Suren Rana: Yes, there is some seasonality in the fourth quarter. Of course, our performance fee is one which we’re well aware of. There are some seasonal adjustments in the OpEx as well on the fourth quarter that you may see. But not a business, it’s consistent with prior years.
John Dunn: Thank you.
Operator: Our next question is a follow-up from Michael Cyprys with Morgan Stanley. Michael, please go ahead.
Michael Cyprys: Thanks for taking the follow-up. Just wanted to ask on the expense side over the past couple of years, you’ve made some investments launching some of the new products that you spoke about earlier here. And now that these strategies have been developed, you’ve launched them. How are you thinking about the pace of expense growth from here? Are we past the major investment spend? Or do you anticipate launching some meaningful new strategies that will require some investment spend from here?

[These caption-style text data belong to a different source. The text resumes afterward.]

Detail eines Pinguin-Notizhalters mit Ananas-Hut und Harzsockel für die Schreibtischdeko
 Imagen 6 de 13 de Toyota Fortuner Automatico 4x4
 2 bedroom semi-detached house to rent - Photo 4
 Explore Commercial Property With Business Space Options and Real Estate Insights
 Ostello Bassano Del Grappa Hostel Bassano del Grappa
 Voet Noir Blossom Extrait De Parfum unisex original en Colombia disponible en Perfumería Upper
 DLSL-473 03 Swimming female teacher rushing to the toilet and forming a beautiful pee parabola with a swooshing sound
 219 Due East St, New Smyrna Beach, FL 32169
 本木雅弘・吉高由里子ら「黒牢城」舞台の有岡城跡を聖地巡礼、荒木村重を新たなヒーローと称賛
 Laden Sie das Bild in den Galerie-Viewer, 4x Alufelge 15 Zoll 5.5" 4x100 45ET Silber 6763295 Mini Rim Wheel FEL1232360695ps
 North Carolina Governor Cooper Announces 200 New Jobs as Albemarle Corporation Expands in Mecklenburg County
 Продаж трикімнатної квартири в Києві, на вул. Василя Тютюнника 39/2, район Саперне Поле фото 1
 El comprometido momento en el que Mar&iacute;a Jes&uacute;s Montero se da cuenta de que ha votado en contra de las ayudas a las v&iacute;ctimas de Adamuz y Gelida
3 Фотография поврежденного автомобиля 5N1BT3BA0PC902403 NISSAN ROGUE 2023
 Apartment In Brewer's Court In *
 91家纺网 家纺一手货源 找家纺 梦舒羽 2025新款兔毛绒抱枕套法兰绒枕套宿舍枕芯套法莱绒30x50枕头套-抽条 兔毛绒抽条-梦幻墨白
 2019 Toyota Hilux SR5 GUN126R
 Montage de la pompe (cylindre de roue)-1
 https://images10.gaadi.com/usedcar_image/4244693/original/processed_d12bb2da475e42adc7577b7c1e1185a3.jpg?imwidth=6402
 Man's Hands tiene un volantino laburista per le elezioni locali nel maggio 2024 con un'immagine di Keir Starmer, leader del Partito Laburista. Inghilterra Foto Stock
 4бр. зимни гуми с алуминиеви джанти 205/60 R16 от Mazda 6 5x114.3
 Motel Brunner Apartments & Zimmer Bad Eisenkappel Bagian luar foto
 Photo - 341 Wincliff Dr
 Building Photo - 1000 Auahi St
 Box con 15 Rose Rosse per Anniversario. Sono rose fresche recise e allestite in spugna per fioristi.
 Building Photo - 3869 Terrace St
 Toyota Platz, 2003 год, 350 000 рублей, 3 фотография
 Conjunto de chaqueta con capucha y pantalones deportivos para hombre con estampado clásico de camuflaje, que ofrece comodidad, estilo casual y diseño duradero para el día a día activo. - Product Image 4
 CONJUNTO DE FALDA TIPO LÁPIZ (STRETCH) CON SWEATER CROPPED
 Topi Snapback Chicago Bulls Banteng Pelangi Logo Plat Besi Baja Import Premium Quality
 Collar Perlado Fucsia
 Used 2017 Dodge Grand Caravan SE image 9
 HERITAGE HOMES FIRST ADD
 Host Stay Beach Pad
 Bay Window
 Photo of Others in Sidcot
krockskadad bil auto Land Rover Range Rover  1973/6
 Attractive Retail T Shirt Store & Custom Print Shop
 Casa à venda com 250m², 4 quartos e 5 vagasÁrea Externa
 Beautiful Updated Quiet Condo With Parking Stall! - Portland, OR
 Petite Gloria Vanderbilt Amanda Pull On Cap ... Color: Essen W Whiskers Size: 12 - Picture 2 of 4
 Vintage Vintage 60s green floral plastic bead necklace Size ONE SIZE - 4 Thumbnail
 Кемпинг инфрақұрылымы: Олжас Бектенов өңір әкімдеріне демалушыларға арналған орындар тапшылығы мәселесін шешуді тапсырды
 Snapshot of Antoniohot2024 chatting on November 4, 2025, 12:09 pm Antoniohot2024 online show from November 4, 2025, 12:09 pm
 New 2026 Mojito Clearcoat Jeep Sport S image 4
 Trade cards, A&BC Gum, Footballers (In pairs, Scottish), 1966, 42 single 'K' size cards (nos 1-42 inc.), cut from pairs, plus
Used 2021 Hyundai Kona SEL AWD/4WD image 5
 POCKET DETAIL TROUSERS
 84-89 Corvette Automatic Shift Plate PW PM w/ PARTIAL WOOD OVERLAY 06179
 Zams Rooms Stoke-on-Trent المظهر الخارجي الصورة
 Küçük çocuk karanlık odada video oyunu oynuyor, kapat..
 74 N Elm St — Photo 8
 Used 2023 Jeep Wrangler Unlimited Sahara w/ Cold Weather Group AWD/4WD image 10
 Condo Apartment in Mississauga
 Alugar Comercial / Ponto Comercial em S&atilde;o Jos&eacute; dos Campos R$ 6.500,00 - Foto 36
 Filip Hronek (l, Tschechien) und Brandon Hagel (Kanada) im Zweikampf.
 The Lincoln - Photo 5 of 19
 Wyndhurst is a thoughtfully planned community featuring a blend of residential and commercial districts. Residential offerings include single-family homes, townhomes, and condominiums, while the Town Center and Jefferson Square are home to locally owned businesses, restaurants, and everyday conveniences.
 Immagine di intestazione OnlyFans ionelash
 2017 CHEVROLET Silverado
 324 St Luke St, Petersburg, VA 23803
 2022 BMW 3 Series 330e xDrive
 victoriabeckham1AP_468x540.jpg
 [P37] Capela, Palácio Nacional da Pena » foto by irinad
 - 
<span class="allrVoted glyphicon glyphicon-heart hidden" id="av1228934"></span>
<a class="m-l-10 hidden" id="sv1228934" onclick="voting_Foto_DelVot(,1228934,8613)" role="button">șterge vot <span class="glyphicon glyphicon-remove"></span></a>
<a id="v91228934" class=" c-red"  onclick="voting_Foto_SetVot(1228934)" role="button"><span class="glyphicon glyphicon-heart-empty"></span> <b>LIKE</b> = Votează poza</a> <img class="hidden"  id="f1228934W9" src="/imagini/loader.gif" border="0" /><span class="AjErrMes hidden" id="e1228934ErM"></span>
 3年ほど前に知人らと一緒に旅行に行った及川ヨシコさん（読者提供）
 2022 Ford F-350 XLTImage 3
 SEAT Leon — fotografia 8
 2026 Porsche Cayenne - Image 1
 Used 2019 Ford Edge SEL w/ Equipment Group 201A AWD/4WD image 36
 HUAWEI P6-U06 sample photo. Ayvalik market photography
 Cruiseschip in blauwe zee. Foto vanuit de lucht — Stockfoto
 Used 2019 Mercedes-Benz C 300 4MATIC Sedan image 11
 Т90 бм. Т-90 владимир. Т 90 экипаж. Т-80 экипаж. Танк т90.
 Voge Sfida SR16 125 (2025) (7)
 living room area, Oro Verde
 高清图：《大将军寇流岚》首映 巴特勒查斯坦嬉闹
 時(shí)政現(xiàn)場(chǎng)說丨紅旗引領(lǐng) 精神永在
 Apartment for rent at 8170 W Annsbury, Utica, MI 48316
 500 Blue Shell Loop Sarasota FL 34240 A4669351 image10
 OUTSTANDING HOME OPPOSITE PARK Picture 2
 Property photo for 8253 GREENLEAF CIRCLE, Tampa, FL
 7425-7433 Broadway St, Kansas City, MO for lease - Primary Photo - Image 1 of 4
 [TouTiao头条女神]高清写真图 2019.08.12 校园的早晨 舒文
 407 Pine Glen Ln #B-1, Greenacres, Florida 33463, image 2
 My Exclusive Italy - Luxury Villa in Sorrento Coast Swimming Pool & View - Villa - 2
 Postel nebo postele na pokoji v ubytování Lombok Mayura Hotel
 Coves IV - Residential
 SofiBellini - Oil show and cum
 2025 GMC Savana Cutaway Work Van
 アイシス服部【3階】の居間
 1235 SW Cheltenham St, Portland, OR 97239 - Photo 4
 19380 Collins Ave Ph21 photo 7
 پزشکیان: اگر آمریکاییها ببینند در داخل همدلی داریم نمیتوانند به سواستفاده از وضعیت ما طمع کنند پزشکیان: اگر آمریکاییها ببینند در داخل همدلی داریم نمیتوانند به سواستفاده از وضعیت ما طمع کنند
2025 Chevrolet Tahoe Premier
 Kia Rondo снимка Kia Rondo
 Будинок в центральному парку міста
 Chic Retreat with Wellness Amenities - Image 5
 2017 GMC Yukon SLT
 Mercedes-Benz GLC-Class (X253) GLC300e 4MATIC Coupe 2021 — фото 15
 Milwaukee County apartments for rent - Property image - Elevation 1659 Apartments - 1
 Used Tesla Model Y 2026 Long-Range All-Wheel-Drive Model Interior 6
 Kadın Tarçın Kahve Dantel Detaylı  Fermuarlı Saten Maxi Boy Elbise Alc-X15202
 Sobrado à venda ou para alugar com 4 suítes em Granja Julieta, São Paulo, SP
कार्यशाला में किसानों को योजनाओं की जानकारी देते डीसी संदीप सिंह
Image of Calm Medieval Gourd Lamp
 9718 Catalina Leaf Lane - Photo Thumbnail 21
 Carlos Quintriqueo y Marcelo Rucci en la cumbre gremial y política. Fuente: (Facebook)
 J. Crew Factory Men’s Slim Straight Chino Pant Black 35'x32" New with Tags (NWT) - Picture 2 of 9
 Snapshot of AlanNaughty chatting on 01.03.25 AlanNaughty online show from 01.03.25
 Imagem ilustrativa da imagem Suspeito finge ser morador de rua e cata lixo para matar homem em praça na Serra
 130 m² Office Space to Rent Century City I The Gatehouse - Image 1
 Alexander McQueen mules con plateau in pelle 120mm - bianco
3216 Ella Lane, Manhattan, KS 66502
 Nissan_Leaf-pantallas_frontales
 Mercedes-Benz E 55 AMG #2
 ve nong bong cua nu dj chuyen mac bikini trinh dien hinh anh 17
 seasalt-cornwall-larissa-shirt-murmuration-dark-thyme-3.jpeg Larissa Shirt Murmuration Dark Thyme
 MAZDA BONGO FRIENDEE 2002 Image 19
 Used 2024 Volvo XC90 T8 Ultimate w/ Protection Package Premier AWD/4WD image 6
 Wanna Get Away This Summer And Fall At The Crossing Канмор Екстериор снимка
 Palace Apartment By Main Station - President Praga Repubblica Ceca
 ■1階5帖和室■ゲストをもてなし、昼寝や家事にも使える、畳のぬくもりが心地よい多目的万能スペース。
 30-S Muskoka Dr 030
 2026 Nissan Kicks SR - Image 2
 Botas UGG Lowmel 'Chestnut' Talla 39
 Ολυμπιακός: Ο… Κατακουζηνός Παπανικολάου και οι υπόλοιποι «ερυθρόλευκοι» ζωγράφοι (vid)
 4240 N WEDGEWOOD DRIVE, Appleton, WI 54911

Suren Rana: Yes. On these two, we’re mostly built out – and there may be some selective additions here or there, but we’re mostly built out. So I would say there is no material additions to expenses for these initiatives. Similarly, on infrastructure, we’re well built out. We’ve spent a fair bit over the last few years on adding to our infrastructure to make it more scalable. So I think we’re good there and nothing – we’re not taking on anything new that would be big, at least not that we have any visibility on. We’re always open to figuring out new areas that we can leverage our capabilities in, but nothing imminent.
Michael Cyprys: Okay. And just a final question for me. Just from the balance sheet standpoint, you have some maturities coming up in ’26 – debt maturity, things like $274 million of senior notes, a little ways off in ’26. But just curious at this point, how you’re thinking about that just in terms of would you look to pay that down entirely and building cash to facilitate there? Or would you look to refinance that? And how much in advance, just curious how you’re thinking about that.
Suren Rana: Yes. That one has a prepayment penalty. So we’ll just – we’re trying to just let it be alone for some time and we’re approaching any way closer to what maybe a year from what we may refinance it. And what we think we can – that much leverage is about right, it’s about prudent – so we may just refinance at that same level. The revolver, as you know, is more of a temporary seasonal need, which we draw on in the first quarter and then just pay down. So we see that as separate. So with both the facilities combined, that gives us adequate cushion for our needs. But now we could probably bring it down a little bit in terms of size, and we have that flexibility. But I think it’s safe to assume that we will just keep those two.
Operator: This concludes our question-and-answer session. I’d like to turn the conference call back over to Suren Rana.
Suren Rana: Thank you, operator. Thanks, everyone, for joining us today. We appreciate you taking the time.